Data to use Block Start

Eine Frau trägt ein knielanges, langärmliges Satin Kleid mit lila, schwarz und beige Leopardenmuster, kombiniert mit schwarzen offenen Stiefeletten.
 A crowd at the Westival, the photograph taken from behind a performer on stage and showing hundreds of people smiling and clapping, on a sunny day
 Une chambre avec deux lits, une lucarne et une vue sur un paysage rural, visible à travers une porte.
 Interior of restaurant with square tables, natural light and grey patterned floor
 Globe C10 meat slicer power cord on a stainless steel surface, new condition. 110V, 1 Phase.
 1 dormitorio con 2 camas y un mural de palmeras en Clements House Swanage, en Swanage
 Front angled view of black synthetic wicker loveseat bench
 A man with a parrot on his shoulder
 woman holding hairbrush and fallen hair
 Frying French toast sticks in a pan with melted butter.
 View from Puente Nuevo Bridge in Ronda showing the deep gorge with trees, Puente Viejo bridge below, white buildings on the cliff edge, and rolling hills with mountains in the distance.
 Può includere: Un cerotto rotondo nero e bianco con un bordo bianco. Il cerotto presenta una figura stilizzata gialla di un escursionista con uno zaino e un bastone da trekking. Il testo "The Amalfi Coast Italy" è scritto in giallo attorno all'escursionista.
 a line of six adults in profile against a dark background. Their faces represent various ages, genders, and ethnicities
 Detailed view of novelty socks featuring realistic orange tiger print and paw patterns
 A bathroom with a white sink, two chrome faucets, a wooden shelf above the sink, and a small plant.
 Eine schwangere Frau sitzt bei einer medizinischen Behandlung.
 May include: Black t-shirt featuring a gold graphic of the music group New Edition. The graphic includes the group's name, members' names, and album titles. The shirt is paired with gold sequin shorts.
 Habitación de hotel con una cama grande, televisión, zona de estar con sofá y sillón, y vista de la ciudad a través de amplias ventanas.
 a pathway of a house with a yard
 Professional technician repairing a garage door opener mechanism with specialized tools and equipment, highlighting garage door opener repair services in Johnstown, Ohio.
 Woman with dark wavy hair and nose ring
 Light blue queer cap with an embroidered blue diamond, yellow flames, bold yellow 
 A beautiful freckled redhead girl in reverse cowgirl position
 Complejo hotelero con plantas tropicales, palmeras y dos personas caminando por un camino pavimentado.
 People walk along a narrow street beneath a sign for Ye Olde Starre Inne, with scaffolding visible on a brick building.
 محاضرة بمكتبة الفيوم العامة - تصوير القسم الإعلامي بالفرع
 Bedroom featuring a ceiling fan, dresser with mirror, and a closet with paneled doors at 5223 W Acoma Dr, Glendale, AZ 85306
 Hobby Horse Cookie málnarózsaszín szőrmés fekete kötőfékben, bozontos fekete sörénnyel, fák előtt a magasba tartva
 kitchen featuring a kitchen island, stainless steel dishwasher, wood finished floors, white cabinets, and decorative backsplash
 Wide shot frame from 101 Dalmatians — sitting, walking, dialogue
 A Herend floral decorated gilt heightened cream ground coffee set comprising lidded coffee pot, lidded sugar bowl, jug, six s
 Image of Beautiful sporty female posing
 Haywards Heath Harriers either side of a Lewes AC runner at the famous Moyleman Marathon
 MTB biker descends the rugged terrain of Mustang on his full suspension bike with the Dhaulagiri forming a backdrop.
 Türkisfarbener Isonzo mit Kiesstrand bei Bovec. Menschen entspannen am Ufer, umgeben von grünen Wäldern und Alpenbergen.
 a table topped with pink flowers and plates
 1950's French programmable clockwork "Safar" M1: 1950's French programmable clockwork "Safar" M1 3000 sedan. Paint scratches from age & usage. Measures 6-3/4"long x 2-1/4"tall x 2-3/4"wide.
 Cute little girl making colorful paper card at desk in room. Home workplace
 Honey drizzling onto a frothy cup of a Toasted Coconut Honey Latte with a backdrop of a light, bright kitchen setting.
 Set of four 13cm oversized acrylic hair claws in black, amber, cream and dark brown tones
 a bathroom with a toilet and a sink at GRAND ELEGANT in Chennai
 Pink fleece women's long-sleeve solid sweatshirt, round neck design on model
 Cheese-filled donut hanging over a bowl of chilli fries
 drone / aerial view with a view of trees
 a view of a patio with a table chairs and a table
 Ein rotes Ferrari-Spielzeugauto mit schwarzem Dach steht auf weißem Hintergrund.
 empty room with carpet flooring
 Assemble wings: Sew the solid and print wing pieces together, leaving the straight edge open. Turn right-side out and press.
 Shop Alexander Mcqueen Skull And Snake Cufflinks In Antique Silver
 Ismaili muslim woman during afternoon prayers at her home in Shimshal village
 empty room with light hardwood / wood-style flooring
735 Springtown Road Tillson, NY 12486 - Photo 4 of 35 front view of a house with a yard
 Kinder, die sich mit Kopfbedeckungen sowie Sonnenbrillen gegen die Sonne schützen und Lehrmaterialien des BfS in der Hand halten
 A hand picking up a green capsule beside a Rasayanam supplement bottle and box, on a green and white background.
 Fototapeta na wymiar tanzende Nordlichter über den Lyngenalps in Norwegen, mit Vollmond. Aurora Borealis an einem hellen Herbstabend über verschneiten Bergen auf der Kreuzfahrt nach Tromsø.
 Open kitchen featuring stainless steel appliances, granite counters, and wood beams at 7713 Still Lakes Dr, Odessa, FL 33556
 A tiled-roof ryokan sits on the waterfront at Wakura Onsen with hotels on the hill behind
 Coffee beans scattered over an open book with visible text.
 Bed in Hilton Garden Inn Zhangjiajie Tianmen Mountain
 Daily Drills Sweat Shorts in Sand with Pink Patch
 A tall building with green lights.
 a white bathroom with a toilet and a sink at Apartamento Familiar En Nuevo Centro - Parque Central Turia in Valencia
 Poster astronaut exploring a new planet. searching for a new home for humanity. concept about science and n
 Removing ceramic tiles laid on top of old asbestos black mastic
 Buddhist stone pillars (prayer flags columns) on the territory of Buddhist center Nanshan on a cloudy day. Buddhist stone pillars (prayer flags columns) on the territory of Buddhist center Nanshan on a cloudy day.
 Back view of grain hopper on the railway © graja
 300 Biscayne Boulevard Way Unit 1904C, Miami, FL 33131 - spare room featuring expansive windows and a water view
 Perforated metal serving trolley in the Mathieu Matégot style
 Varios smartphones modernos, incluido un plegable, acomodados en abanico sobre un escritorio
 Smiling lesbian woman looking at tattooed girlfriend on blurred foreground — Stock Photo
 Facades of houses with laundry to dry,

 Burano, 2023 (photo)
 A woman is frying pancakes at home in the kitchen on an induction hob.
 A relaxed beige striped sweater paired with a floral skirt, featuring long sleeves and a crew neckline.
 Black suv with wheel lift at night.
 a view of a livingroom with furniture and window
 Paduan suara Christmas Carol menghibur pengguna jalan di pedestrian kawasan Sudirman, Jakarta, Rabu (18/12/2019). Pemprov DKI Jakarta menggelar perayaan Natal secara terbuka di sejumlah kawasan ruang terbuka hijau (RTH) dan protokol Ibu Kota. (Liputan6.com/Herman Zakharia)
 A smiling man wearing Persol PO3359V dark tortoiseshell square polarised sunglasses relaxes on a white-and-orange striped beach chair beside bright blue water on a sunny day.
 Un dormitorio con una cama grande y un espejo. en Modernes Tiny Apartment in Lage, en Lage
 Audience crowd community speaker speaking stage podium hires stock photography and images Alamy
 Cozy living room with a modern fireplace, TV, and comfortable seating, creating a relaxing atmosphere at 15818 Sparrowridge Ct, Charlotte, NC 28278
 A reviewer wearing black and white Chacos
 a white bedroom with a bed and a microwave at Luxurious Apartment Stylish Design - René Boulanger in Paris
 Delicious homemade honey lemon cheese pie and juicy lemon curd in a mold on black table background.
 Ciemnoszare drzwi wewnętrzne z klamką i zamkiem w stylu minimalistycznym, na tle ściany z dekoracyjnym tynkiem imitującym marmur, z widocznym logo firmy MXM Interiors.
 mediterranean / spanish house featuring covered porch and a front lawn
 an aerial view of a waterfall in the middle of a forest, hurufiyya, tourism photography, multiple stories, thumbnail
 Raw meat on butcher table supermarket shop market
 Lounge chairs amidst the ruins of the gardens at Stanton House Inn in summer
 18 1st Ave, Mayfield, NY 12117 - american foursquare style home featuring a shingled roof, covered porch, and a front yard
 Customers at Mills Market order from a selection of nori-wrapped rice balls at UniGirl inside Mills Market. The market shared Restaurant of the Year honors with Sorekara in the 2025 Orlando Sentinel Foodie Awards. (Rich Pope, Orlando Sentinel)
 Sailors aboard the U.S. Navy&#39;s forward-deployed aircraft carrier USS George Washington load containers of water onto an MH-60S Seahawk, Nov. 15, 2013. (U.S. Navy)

Data to use Block End

• _Requirement_
Reproducing the whole listing above is not the task. Copy exactly only the lines from the one with "300 Biscayne Boulevard" to the one with "a view of a livingroom", both kept.

• _Response area_
 300 Biscayne Boulevard Way Unit 1904C, Miami, FL 33131 - spare room featuring expansive windows and a water view
 Perforated metal serving trolley in the Mathieu Matégot style
 Varios smartphones modernos, incluido un plegable, acomodados en abanico sobre un escritorio
 Smiling lesbian woman looking at tattooed girlfriend on blurred foreground — Stock Photo
 Facades of houses with laundry to dry,

 Burano, 2023 (photo)
 A woman is frying pancakes at home in the kitchen on an induction hob.
 A relaxed beige striped sweater paired with a floral skirt, featuring long sleeves and a crew neckline.
 Black suv with wheel lift at night.
 a view of a livingroom with furniture and window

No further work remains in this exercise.